Losing Confidence But Saying Fuck It
GoPro is officially in action.
I bought it in April but am just now getting it hooked up for the car vlog. (god, I dislike word vlog, but, what can you do...)
I bought a mount for it back then too. Should have put it up then, but wasn't up for it. Brain was still healing and meds were still adjusting. Until last week, I don't think I'd recorded either so didn't really matter that I was still using the phone.
It's interesting that I was able to do more recording in the depths of the depression than when I was on the tail end of it. The way I described the earlier part of this year is that it felt like I had had the shit kicked outta me and was finally getting to rest and recover. And, that's what it was. First the mania and then the fucking forever depression just pummeled me. With the depression, everything hurt to do. Not an intense pain, more of an ache. Like when you have the flu. That's what the body feel was like. Mentally, I still don't know how to describe it.
People say being in depression is like being in a fog. At the time, I didn't think that was right. I associate fog with hazy vision and it wasn't that. My eyesight was clear. Looking back, I can see how that might be the case, but it was more like a kind of tunnel vision. My peripheral vision was scoped down and everything was darker. Like someone turned down the brightness on a TV. But, things were too bright too. At least, they were part of the time. I don't think it was always like that, but it's hard to remember.
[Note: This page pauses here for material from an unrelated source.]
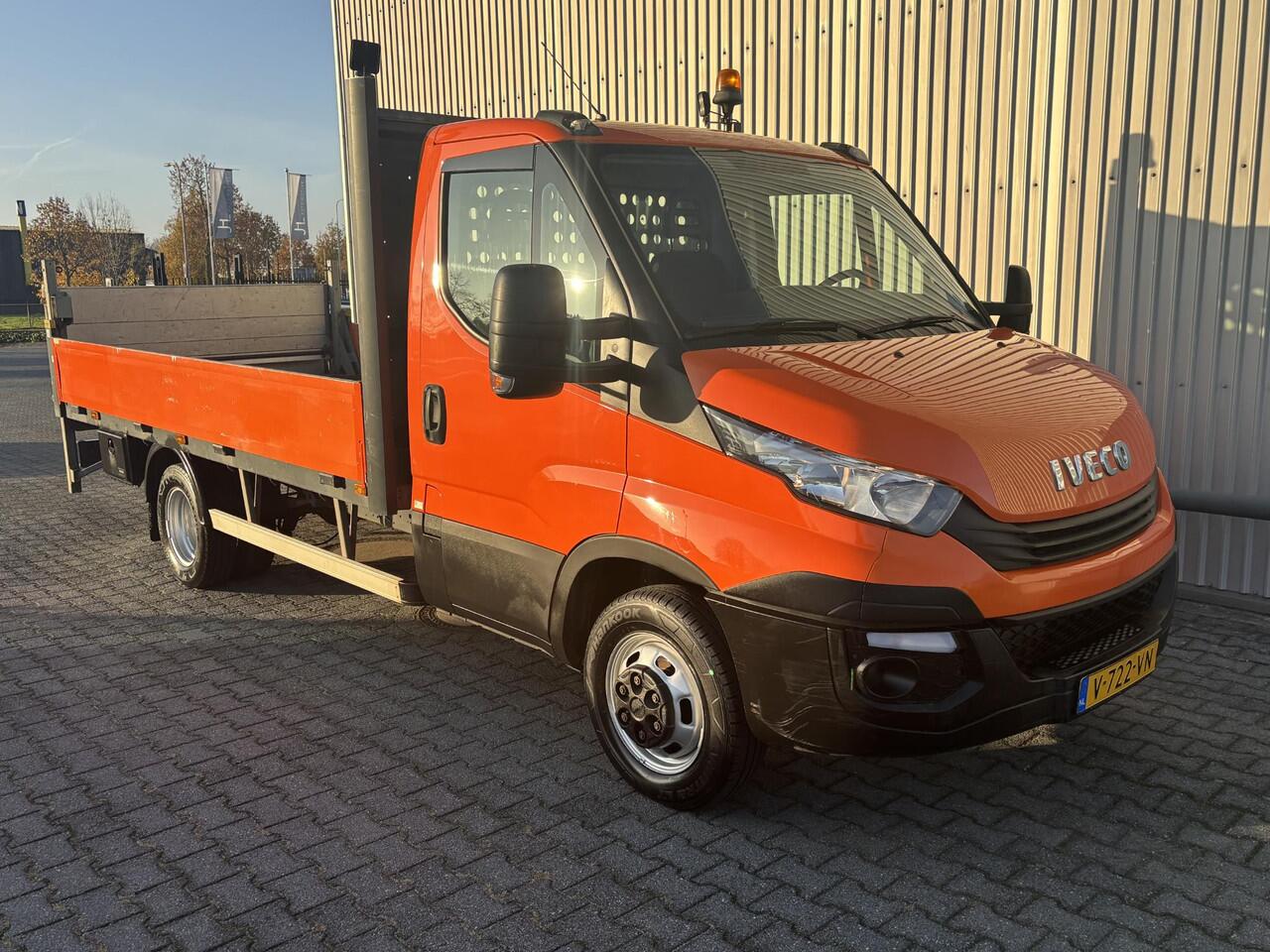 Iveco DAILY 35C14 2.3 *A/C*NAVI*HAAK*PICK-UP*LAADKLEP*3500KG*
Who knows, maybe I wrote about it?
Anyway, I got the GoPro up and running finally. I did the first recording yesterday. While recording, I realized it would be a good transition to just start posting now. The idea is all the stuff before would become "prequels" that I can start posting from the beginning, but that I can get this going. I kept going back and forth with the three ways to start posting:
- Go back a year to the first one I recorded and post it first. Start at the start.
- Start right now with the recordings where I picked back up a few days ago. And then go back and do the previous ones as time allows.
During the recording, I decided to take option two. Then, I watched what I recording. It's not great. But, I haven't really watched any of them, so maybe they all aren't so good. Seeing that, I lost confidence last night. My thinking turned to going back to the first recordings and posting from there which would give me a little separation from them.
But, you know what, fuck it. Some folks won't like it and some folks will make fun of me and make fun if it, but that was going to happen anyway. The thing that's really fucking with me is that, in my head, what I recorded was better than what I saw, but.... that happens with most things when you first start out. (See also, the wonderful clip from Ira Glass talking about getting started with creative works. I just re-watched it while writing this and yeah, everyone doing new work should.)
Anyway, fuck it, I'm going to post it. The priority will be the new videos and then I'll go back and work on the prequels between the present days ones.
I'd lost my confidence last night. I didn't so much as get it back this morning as I've rearmored myself with the idea that these are for me and the folks who are into them. Folks who aren't into them can find their own thing and anyone who wants to be a shithead can go fuck themselves.
Let's do this.
P.S. The other thing going on here is that by saying publicly that I'm launching the vlog, I'm adding a social commitment to the mix. That commitment adds more motivation to make sure I actually do the thing.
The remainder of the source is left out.